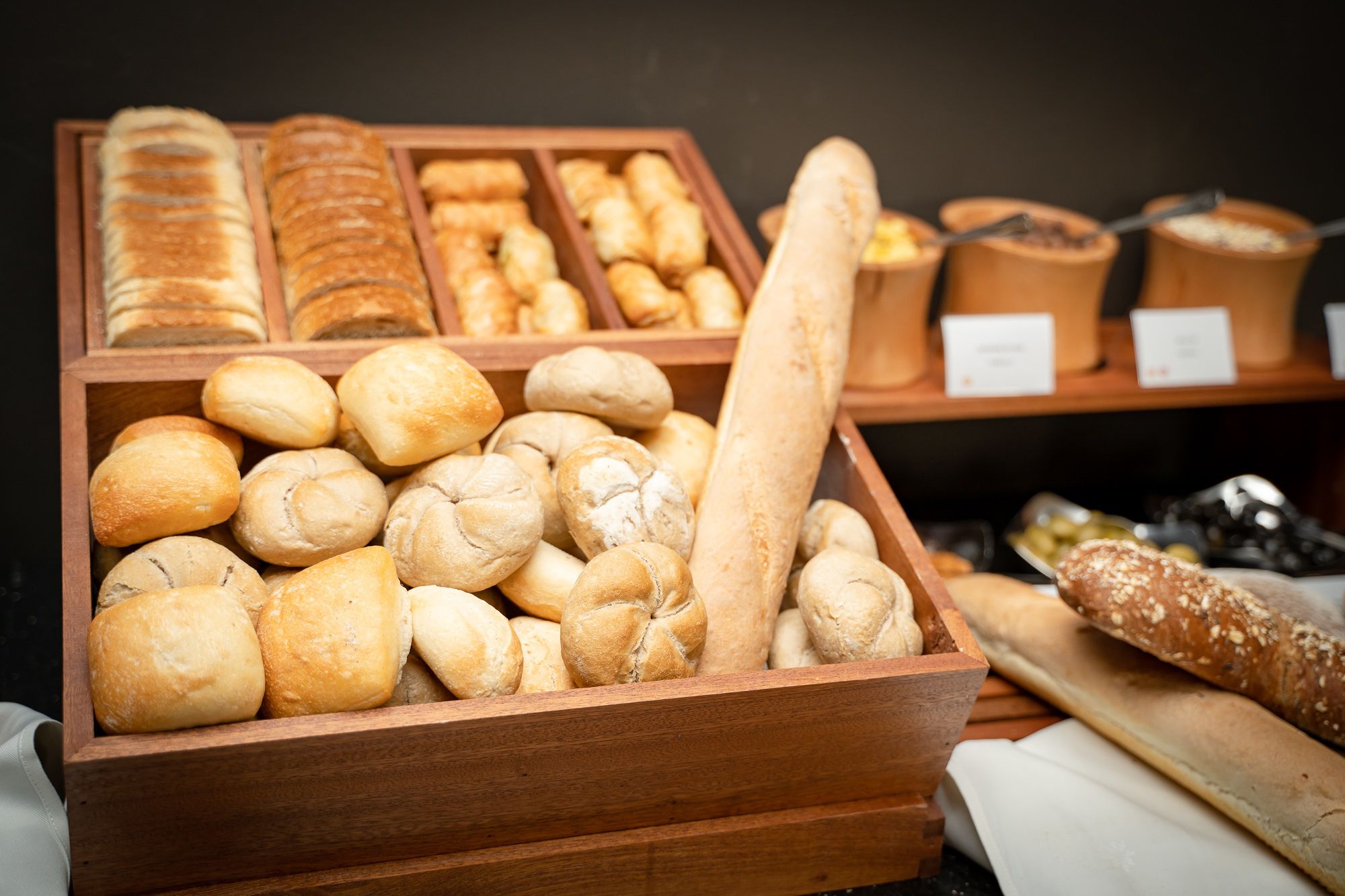 A wooden display case filled with various types of bread, including rolls, baguettes, and loaves.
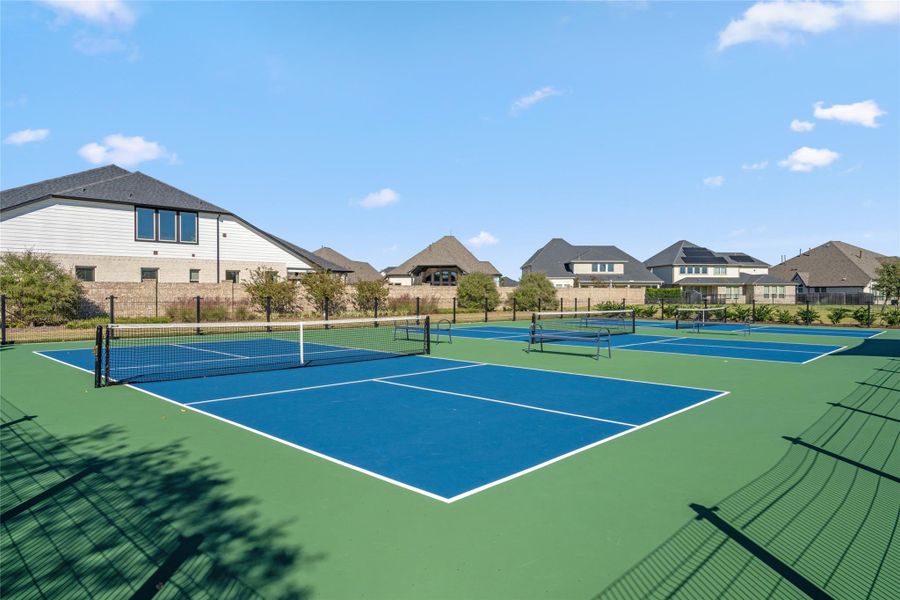 Dedicated Pickleball and Tennis Courts for neighborhood sports and recreation.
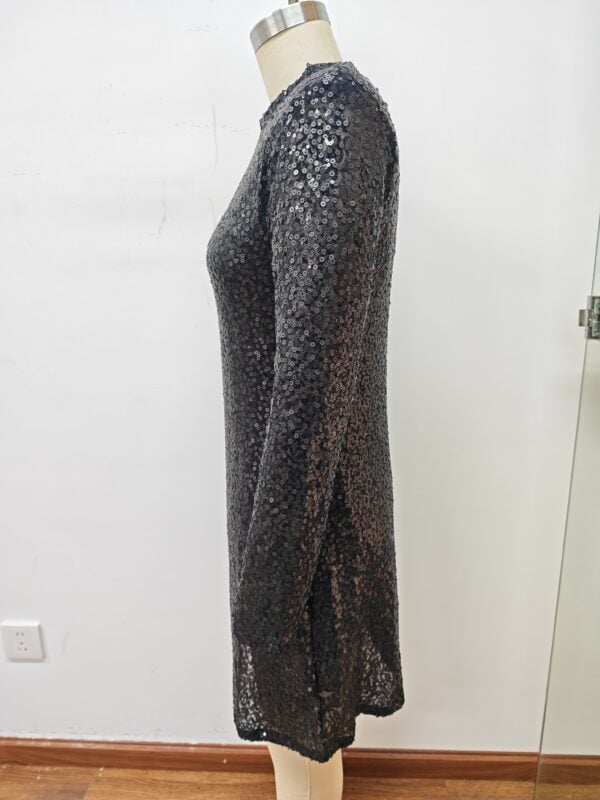 Long black sequin dress with full sleeves, perfect for evening events and parties, displayed on a mannequin against a plain white background.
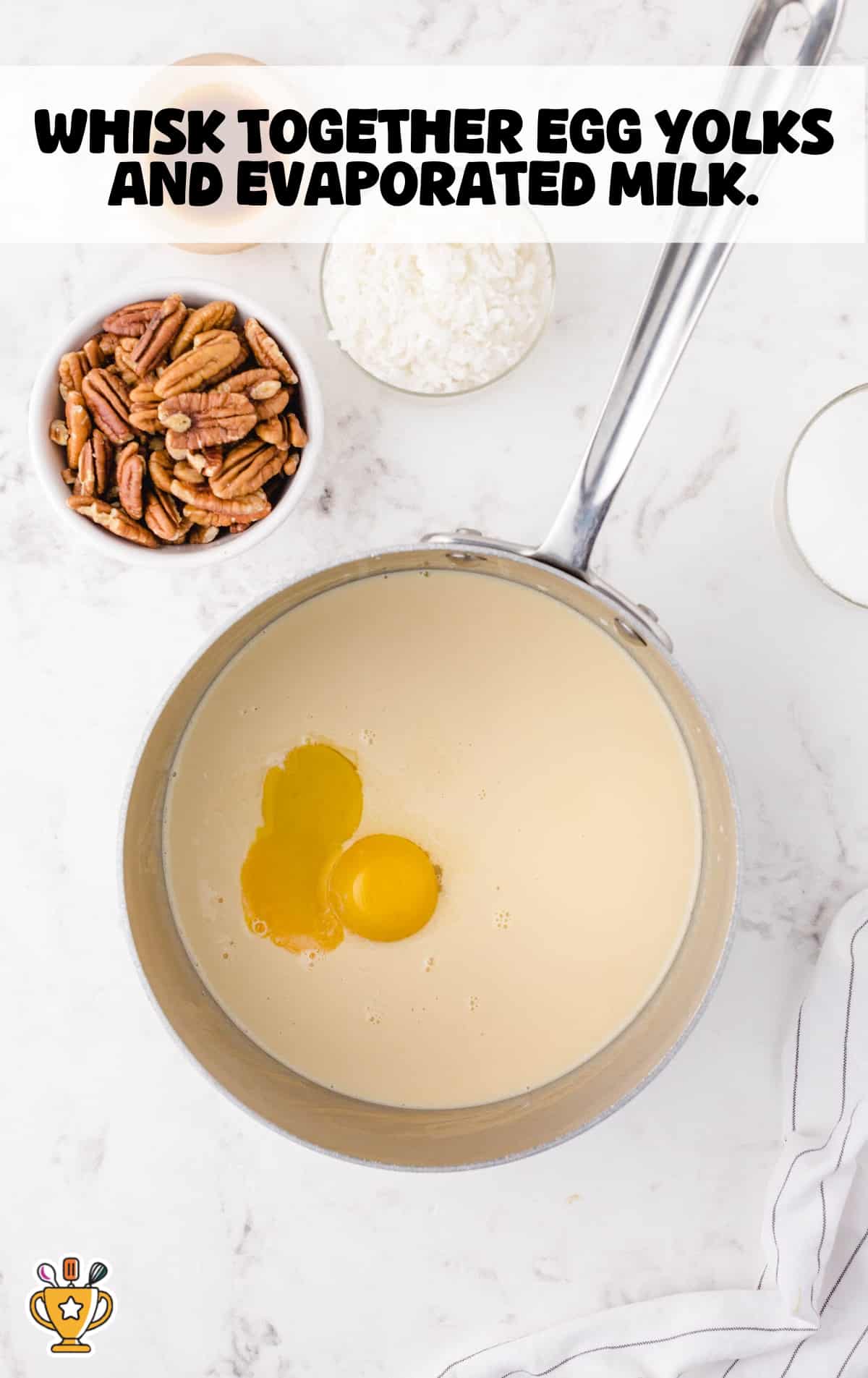 Metal saucepan filled with evaporated milk and two raw egg yolks, ready to be whisked together, surrounded by bowls of chopped pecans, shredded coconut, and sugar on a white marble countertop.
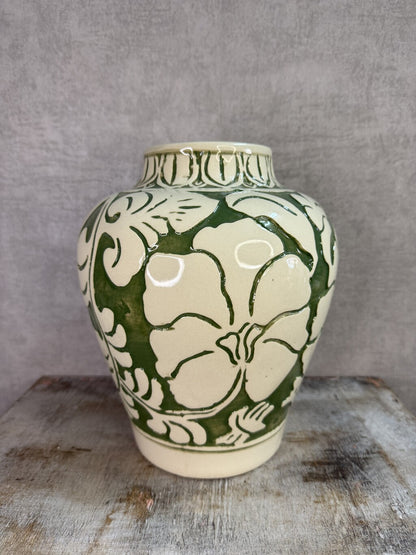 Beige keramieken vaas met groen bloemmotief van Mica op een houten ondergrond.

=====

Problem requirements: Quote, please, every line of the material above from its start through the line that has "Long black sequin", reproducing the words exactly and dropping any images.

Result of this exercise:
 A wooden display case filled with various types of bread, including rolls, baguettes, and loaves.
 Dedicated Pickleball and Tennis Courts for neighborhood sports and recreation.
 Long black sequin dress with full sleeves, perfect for evening events and parties, displayed on a mannequin against a plain white background.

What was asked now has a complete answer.